Courts, the Patent Office, and commentators are in vigorous disagreement about what types of innovation should be patentable, and what, if any, innovation should remain off limits to patenting. This Article shows that the disarray in the area of patentable subject matter results from a widespread failure to take the utilitarian policy underlying patent law seriously. Despite near-universal agreement that patent rights exist to provide incentives for innovation by allowing inventors to recoup their costs of research and development, courts have expanded patentable subject matter to many new fields without first demanding evidence that the newly patentable fields suffer from lack of incentives to innovate. The failure to ask the threshold question of whether patents are needed in a particular field to achieve efficient levels of innovation has resulted in both incoherent case law on patentable subject matter and costs to society from increased patent monopolies.
This Article explains that the sensible basis for determining patentable subject matter is to determine whether innovation is unlikely in the absence of patents. Part II of the Article sets forth an explanation and model showing that there is no reason to expand patentable subject matter into fields where innovation is already healthy due to other incentives such as low research and development costs, lead-time, or reputation benefits from innovation, or other legal protections such as trade secret and copyright law.

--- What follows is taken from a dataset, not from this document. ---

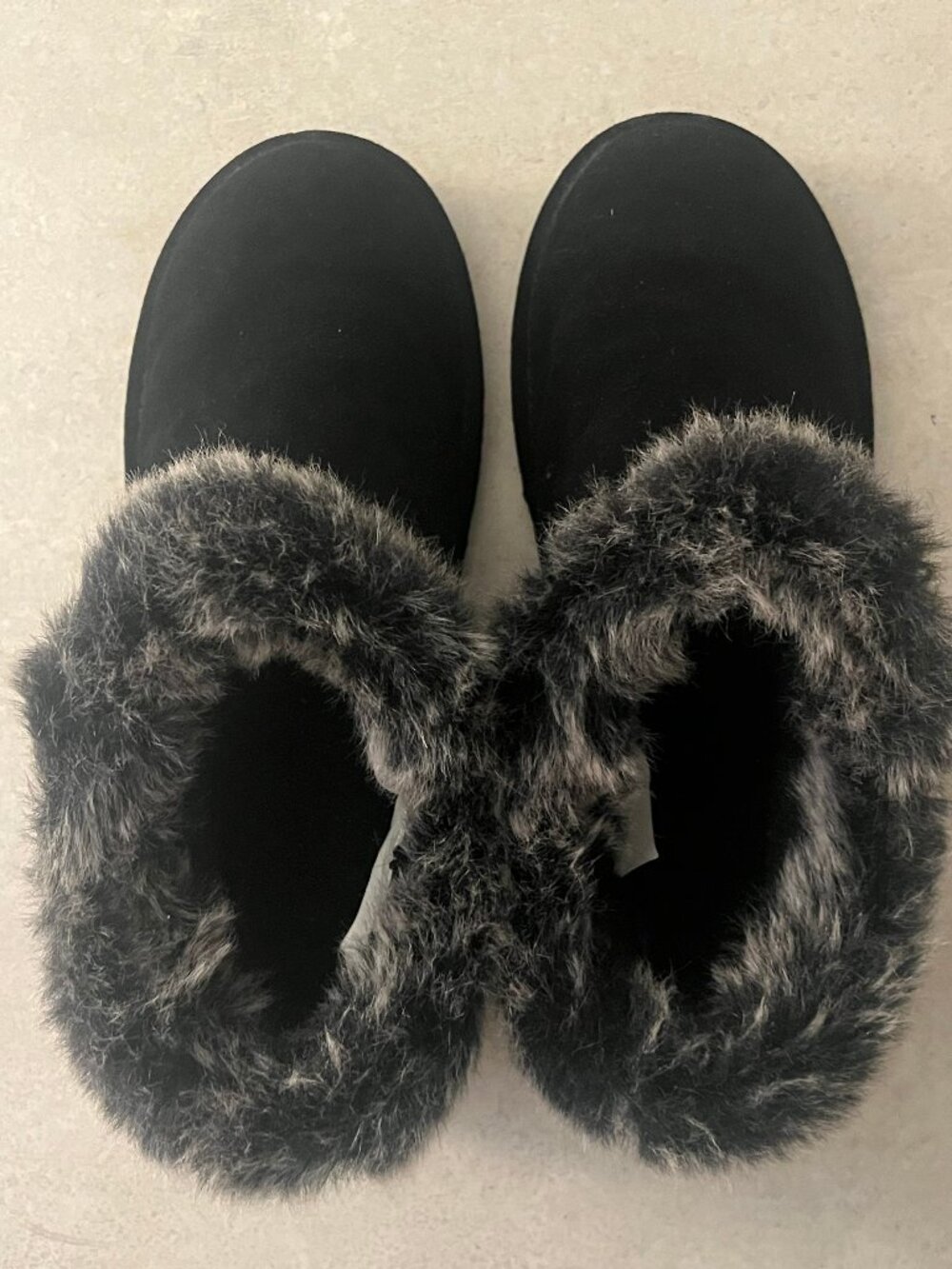 Brand New! Bearpaw Jasmine Suede Ankle Boots - Faux Fur Collar - Size 10 - Picture 2 of 4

To the extent that others argue for patentability even where there is no market failure in innovation, they are not following the utilitarian rationale for patent law, and inefficiency results.

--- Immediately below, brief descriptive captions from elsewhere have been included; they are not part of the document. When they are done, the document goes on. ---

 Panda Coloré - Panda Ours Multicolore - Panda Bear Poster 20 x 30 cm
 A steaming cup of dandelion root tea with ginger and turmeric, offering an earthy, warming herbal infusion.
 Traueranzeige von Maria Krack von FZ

Part III of the Article demonstrates how courts historically considered the issue of innovation market failure, at least implicitly, in their decisions as to what types of inventions were unpatentable. But with the advent of software and the Information Age, the courts’ patentable subject matter tests no longer fit. Rather than reworking their tests to serve patent law’s underlying rationale, they instead slowly abandoned their role as gatekeepers of patentable subject matter, resulting in the current inefficient regime in which almost all innovation is patentable. The courts’ failure to grapple with the utilitarian rationale for patentability means that current judicial consideration of patentable subject matter continues to be misdirected. Part IV applies the model and explanation from Part II to the sample case of business methods–one of the most harmful areas of patenting–showing an example of a field in which patents are not efficient. Part V draws out the implications from the analysis presented in this Article, and suggests solutions–most prominently, that the courts or Congress should revive the patentable subject matter gatekeeper function. The Article concludes in Part VI.